START Records supplied
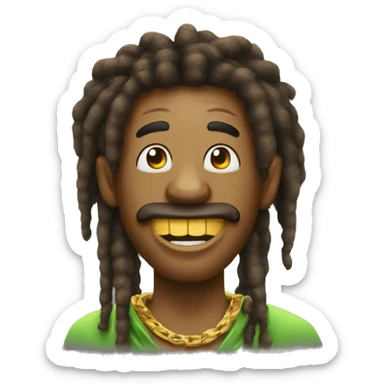 A rastaman with a gold teeth ans thump up sticker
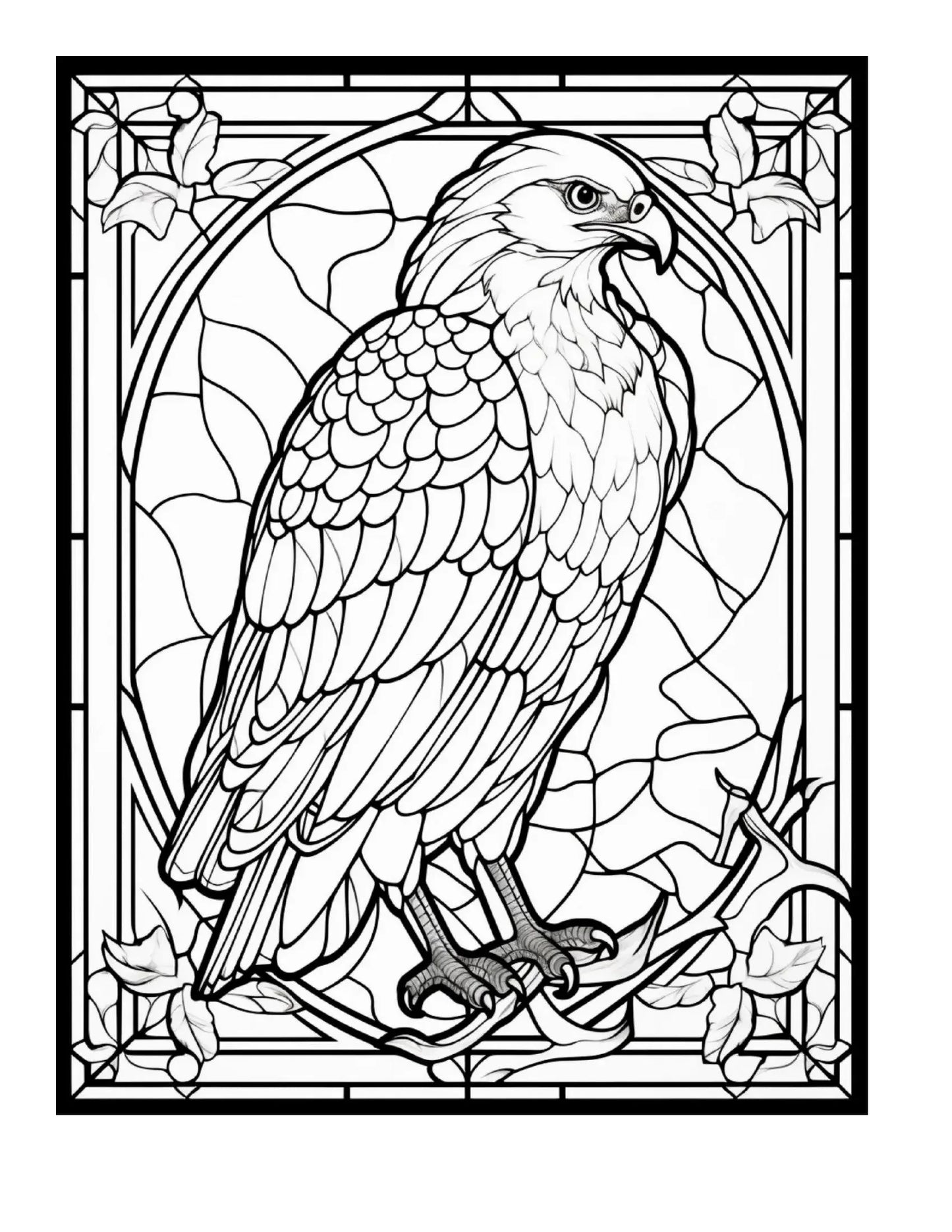 100 Stained Glass Bird Coloring Pages 1-Robs Books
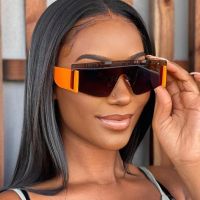 ☊Vintage Oversized Square Rimless Orange Sunglasses 2022 Men Women Fashion Brand Big Frame One Piece Wide Legs Sun Glasses UV400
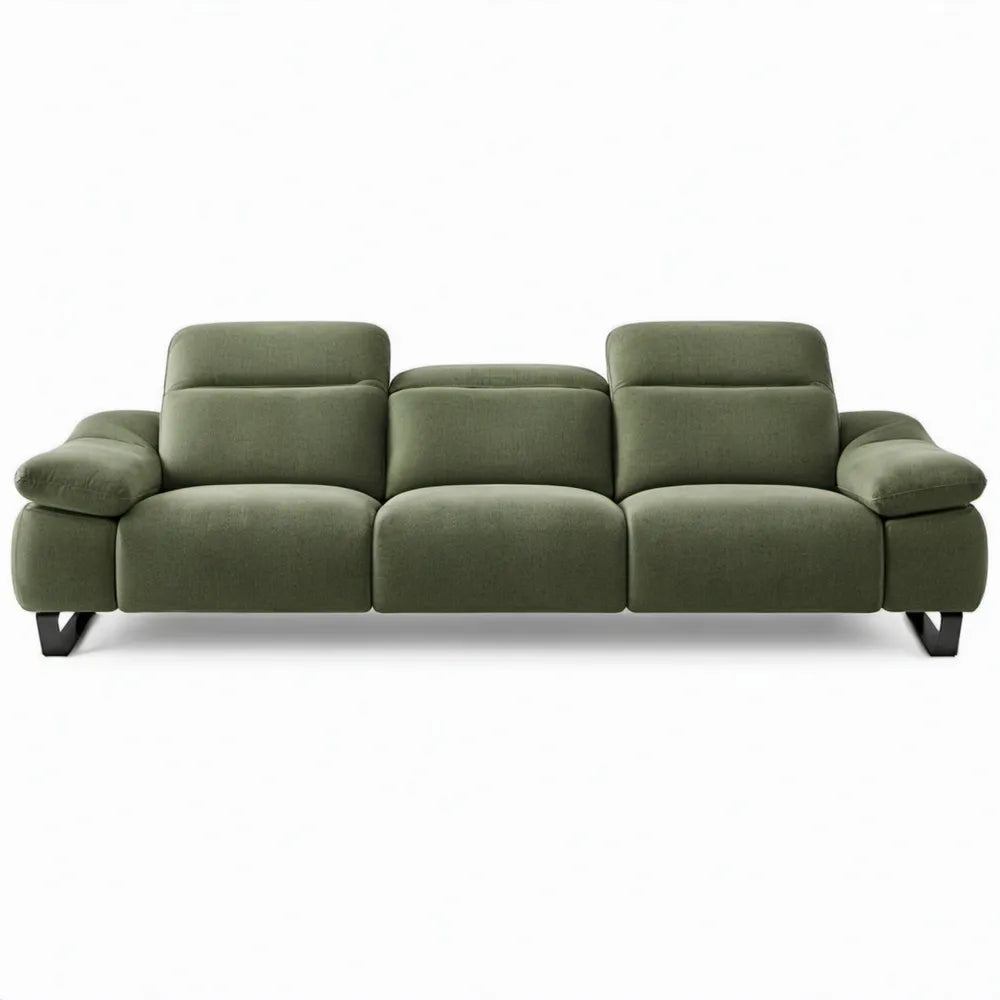 Olijfgroene 3-zitsbank met zwarte poten, 220 x 95 x 88 cm, polyester microvezel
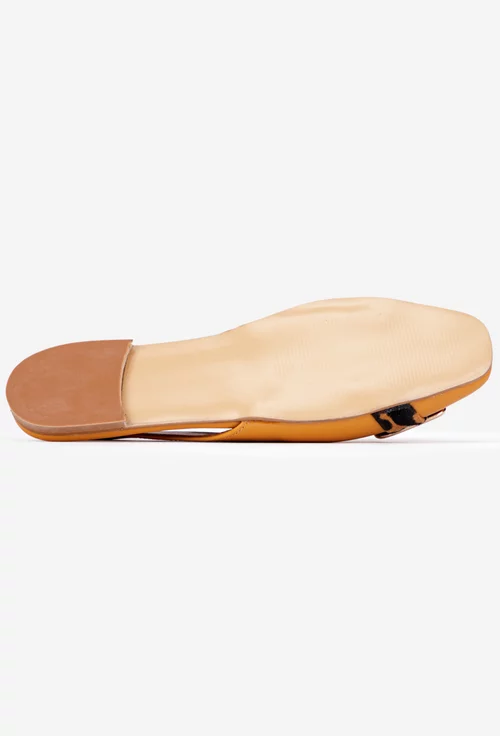 Balerini dama galbeni din piele cu ornament auriu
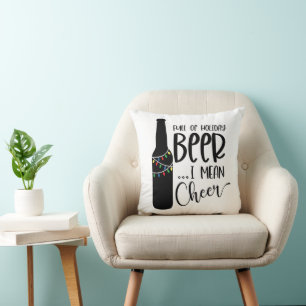 Full of Christmas Beer and Cheer   Funny Drinking Cushion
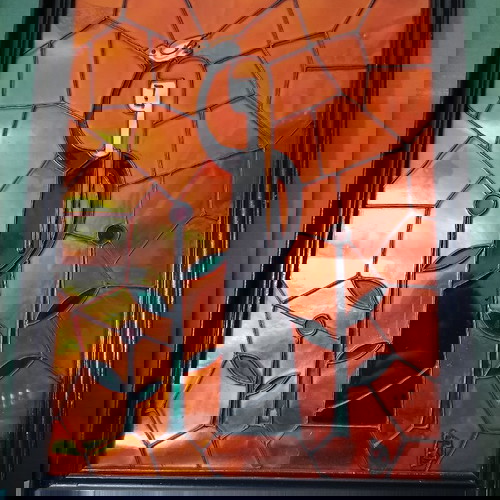 Βιτρό κάδρο μεταχειρισμένο, έργο τέχνης 45x36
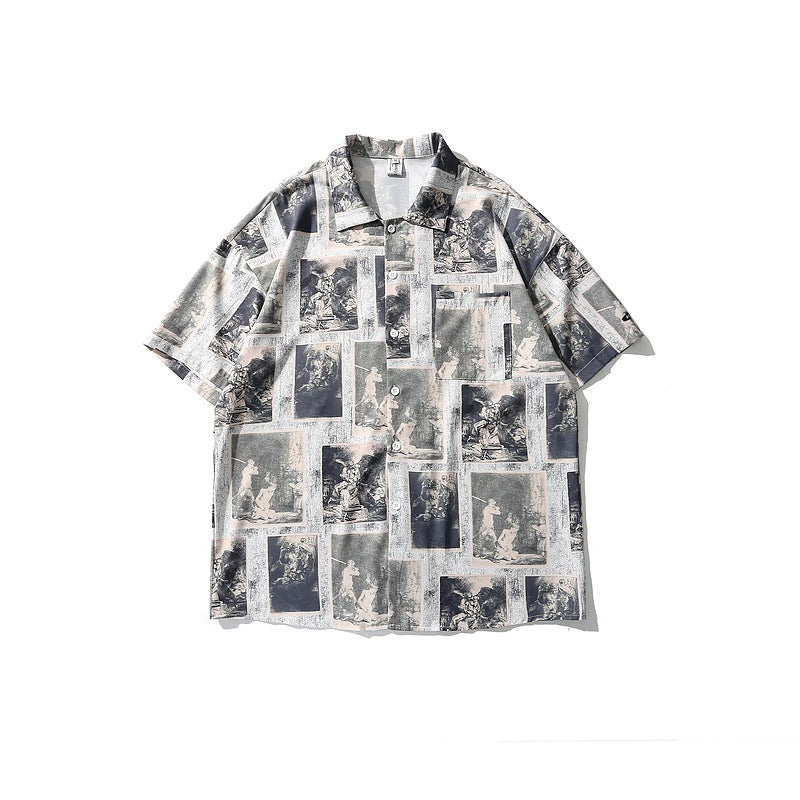 Rainbowtouches Men Shirt Summer Hip Hop Butterfly Pattern Tops Loose Popular Comfortable Cyber CelebrityFancy Good Short Couples Street King Limited
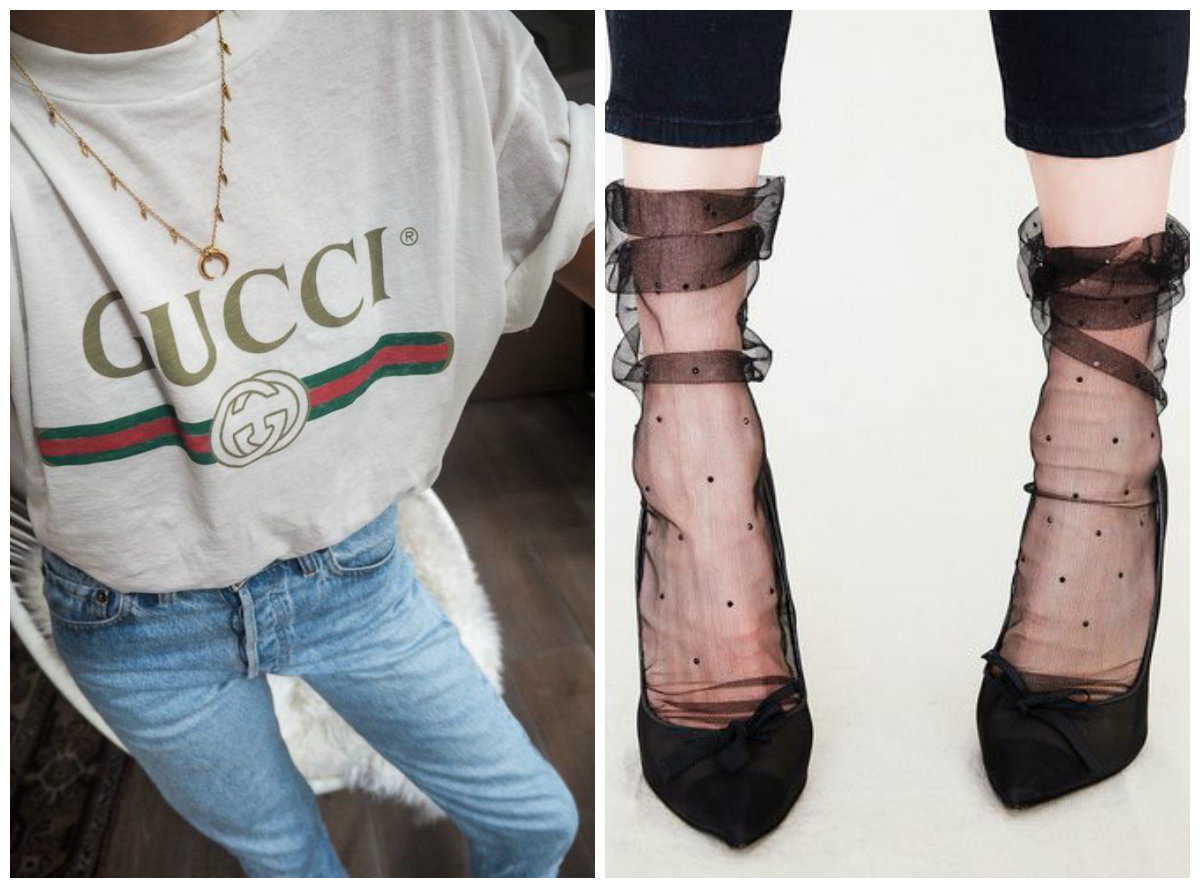 koszulka gucci skarpetki i obcasy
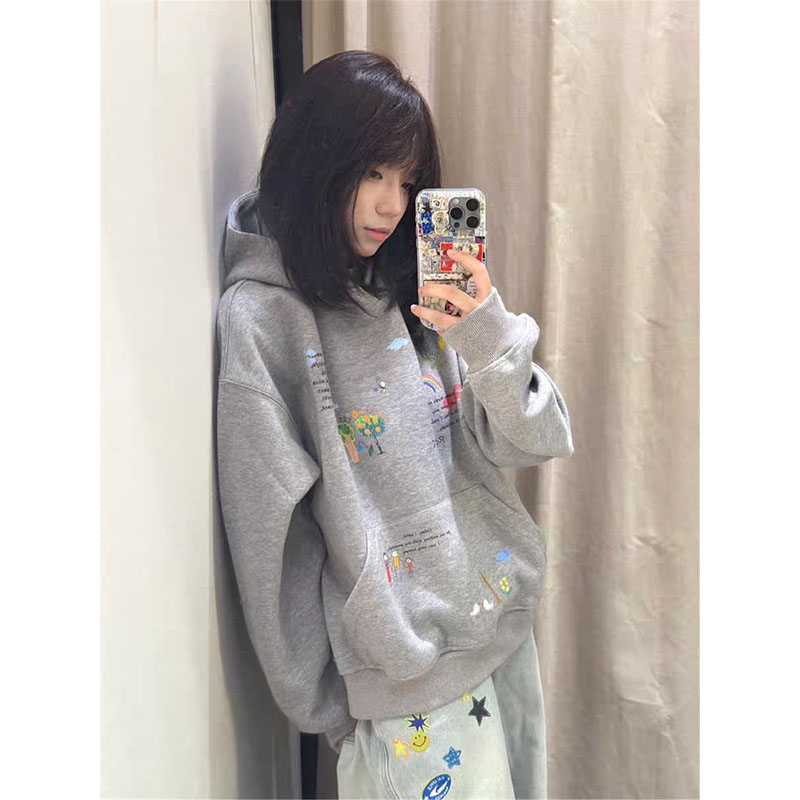 美式趣味少女手绘涂鸦连帽卫衣女秋冬新款加绒加厚设计感小众外套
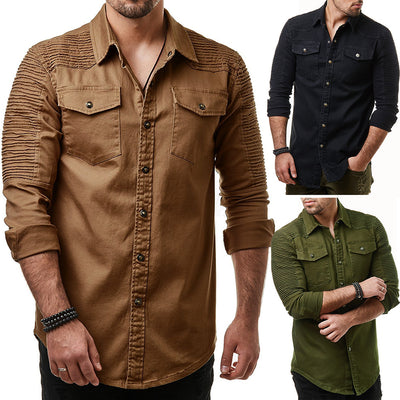 Chamarra de Mezclilla para Hombre con Hombros Caídos - Color Sólido Otoño - Image 7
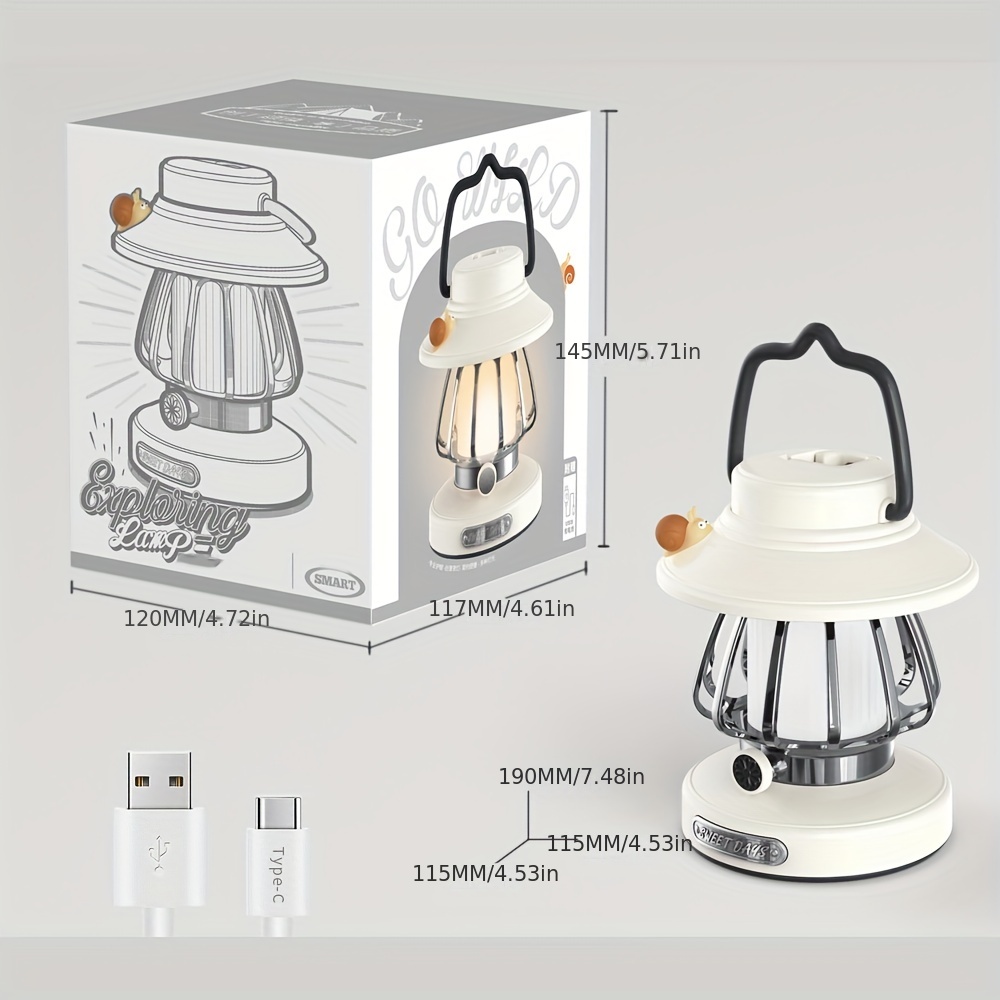 Snail Outdoor Camping Light Portable Retro Camping Lantern - Temu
END Records supplied
• _Goal of the exercise_: I need the lines from the one holding "koszulka gucci skarpetki i obcasy" through the last line of the entries set down exactly, with every picture left out.

• _Response area_:
 koszulka gucci skarpetki i obcasy
 美式趣味少女手绘涂鸦连帽卫衣女秋冬新款加绒加厚设计感小众外套
 Chamarra de Mezclilla para Hombre con Hombros Caídos - Color Sólido Otoño - Image 7
 Snail Outdoor Camping Light Portable Retro Camping Lantern - Temu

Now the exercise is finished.